For the most part, people involved with estate planning want to avoid probate. There are many reasons for this: probate can be time-consuming, expensive and the records are public.
However, not all strategies to avoid probate are good ones. Many seniors think that adding a child to the deed of their home will help the child avoid probate when the senior dies. This is true, but that does not make this a good estate planning strategy. According to In Charge Debt Solutions, adding a child onto your deed is almost always a bad idea.
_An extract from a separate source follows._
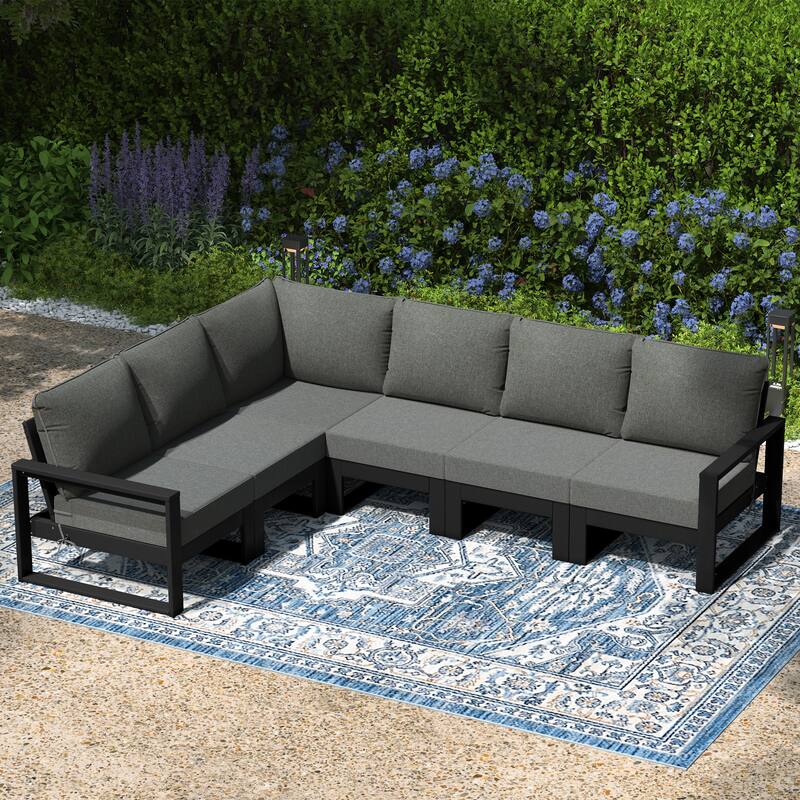 Endless Patio 6-Piece Deep Seating Set with Black Frame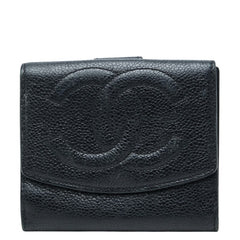 シャネル ココマーク 二つ折り財布 ブラック キャビアスキン レディース CHANEL 中古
How can this help avoid probate?
People who are considering this strategy to avoid probate depend on the benefits of joint tenancy. With joint tenancy, if one party that holds a stake in the property dies, the property automatically goes to the surviving party. This is the “right of survivorship.” A property owned in this fashion will not go through probate.
Why is this a bad idea?
Putting your child on the deed to your home makes them a current owner of your property. You will not be able to sell the home or take out a home equity loan without their permission. Additionally, if your child owes back pay to the IRS, the IRS may put a lien on your property if your child’s name is on the deed.
This can also be problematic if your child divorces. Since their name is on your property, that property will usually count under marital assets. This means that you may end up with your child’s ex on the deed to your home.
Putting your child’s name on your deed is not a good idea. A better answer is a revocable living trust.